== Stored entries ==

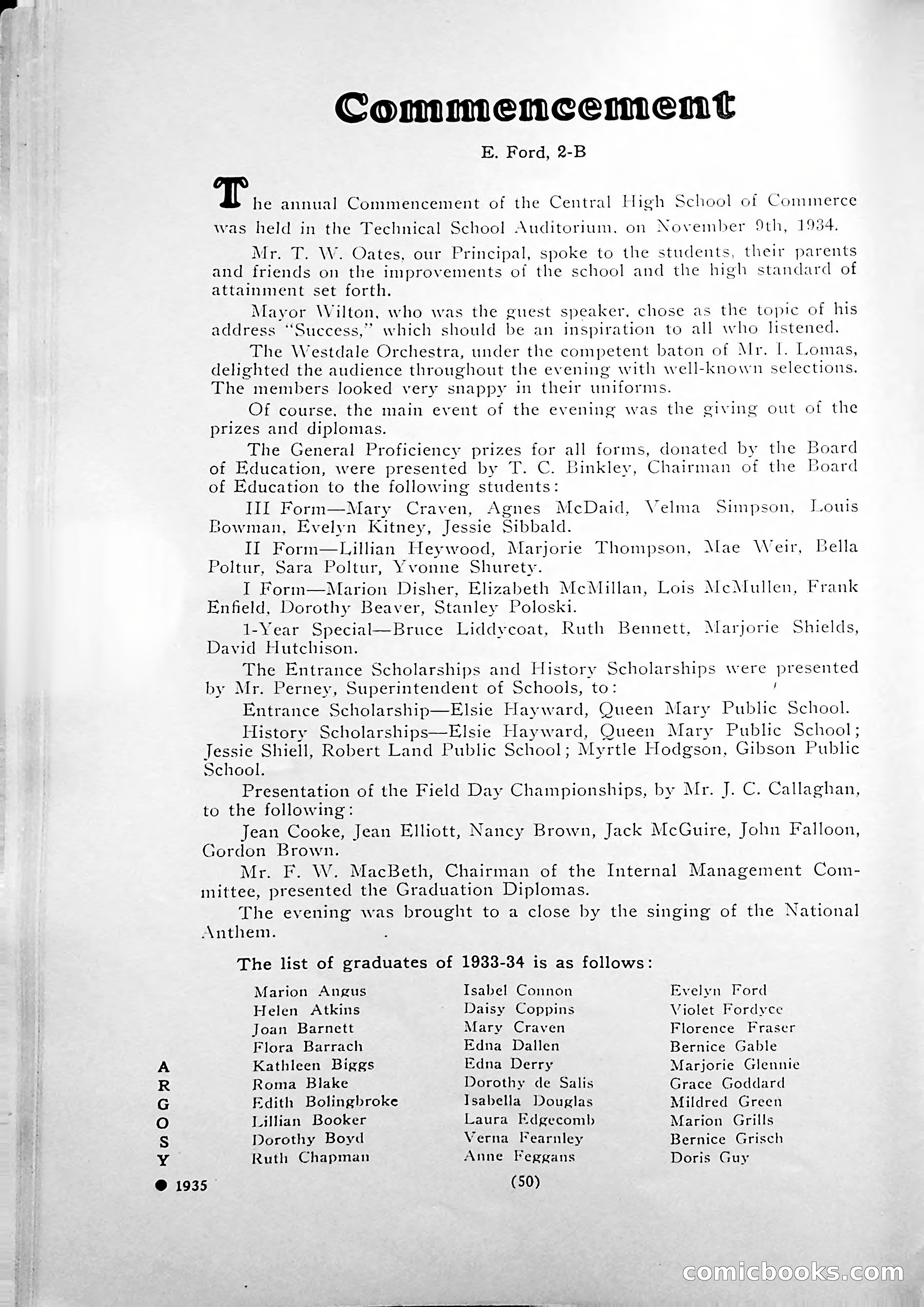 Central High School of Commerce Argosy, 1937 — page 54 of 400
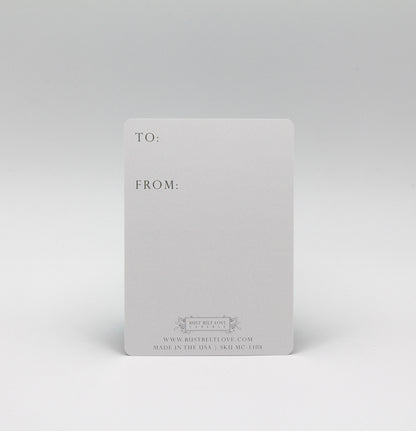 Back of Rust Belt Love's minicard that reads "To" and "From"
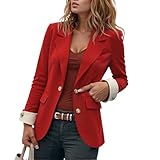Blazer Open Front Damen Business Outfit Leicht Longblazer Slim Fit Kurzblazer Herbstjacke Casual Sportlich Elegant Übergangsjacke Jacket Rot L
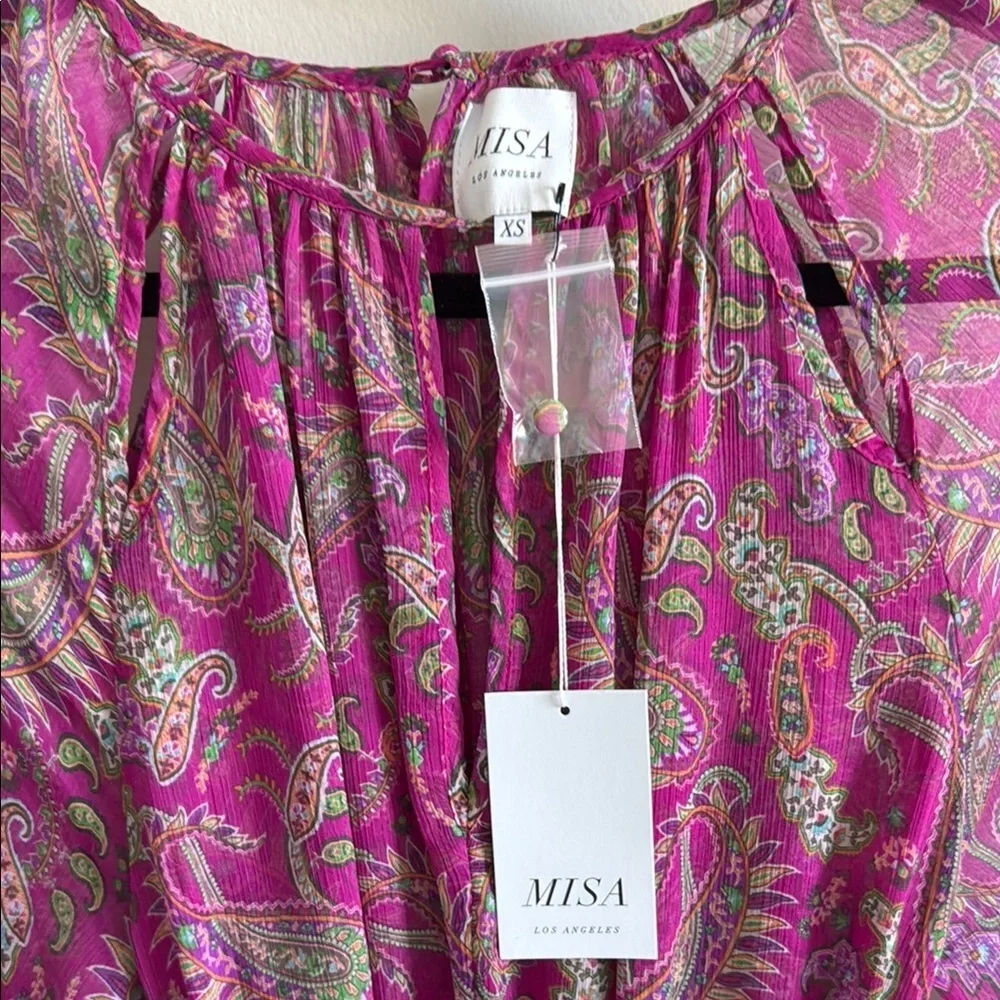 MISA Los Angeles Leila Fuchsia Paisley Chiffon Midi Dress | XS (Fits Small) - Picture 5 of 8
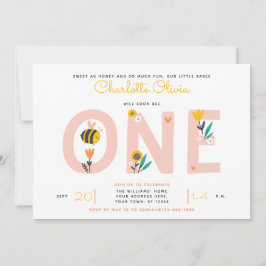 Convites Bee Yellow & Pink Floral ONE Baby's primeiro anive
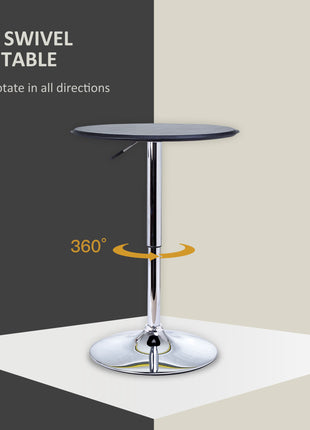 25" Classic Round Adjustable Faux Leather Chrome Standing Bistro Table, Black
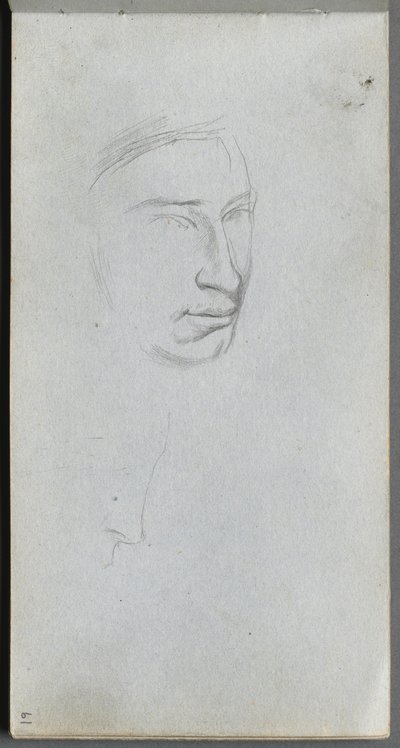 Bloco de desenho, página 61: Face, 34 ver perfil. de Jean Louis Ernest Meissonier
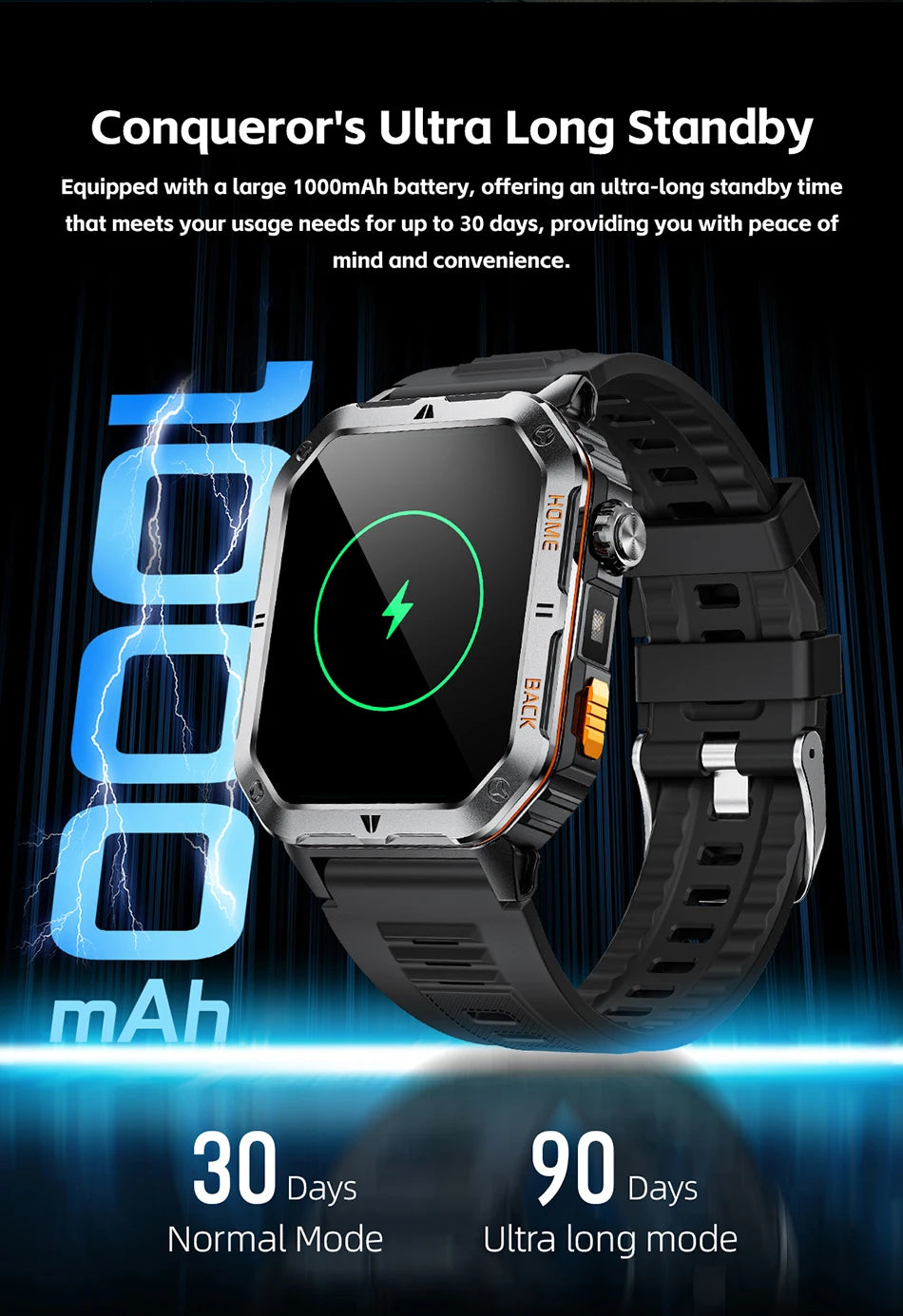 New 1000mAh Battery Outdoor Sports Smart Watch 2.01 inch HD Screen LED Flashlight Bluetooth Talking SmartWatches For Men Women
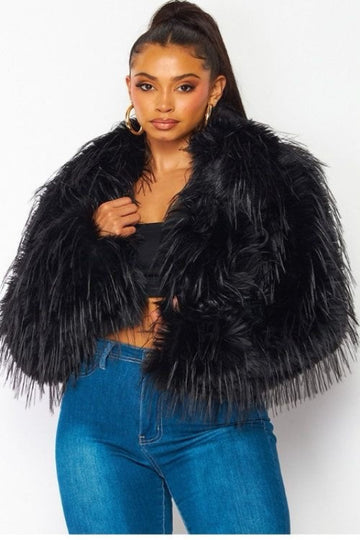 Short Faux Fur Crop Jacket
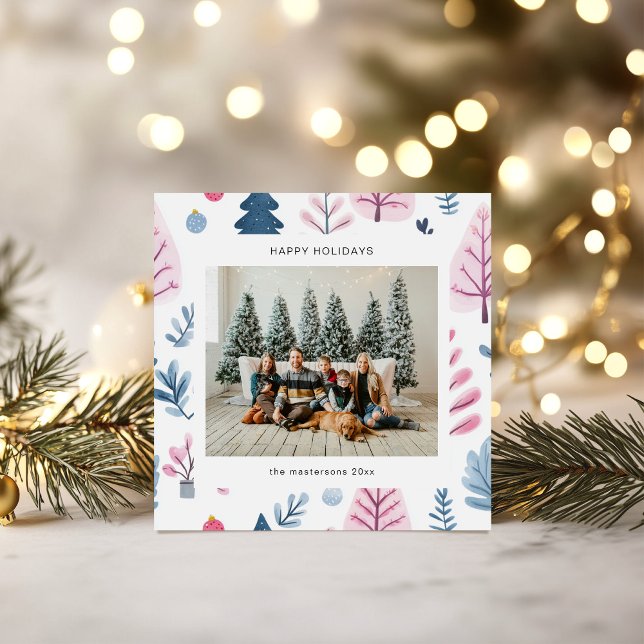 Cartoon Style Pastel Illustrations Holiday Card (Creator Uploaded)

== Required work ==
The records above, minus their pictures, are to be returned verbatim.

== Exercise result ==
 Central High School of Commerce Argosy, 1937 — page 54 of 400
 Back of Rust Belt Love's minicard that reads "To" and "From"
Blazer Open Front Damen Business Outfit Leicht Longblazer Slim Fit Kurzblazer Herbstjacke Casual Sportlich Elegant Übergangsjacke Jacket Rot L
 MISA Los Angeles Leila Fuchsia Paisley Chiffon Midi Dress | XS (Fits Small) - Picture 5 of 8
 Convites Bee Yellow & Pink Floral ONE Baby's primeiro anive
 25" Classic Round Adjustable Faux Leather Chrome Standing Bistro Table, Black
 Bloco de desenho, página 61: Face, 34 ver perfil. de Jean Louis Ernest Meissonier
 New 1000mAh Battery Outdoor Sports Smart Watch 2.01 inch HD Screen LED Flashlight Bluetooth Talking SmartWatches For Men Women
 Short Faux Fur Crop Jacket
 Cartoon Style Pastel Illustrations Holiday Card (Creator Uploaded)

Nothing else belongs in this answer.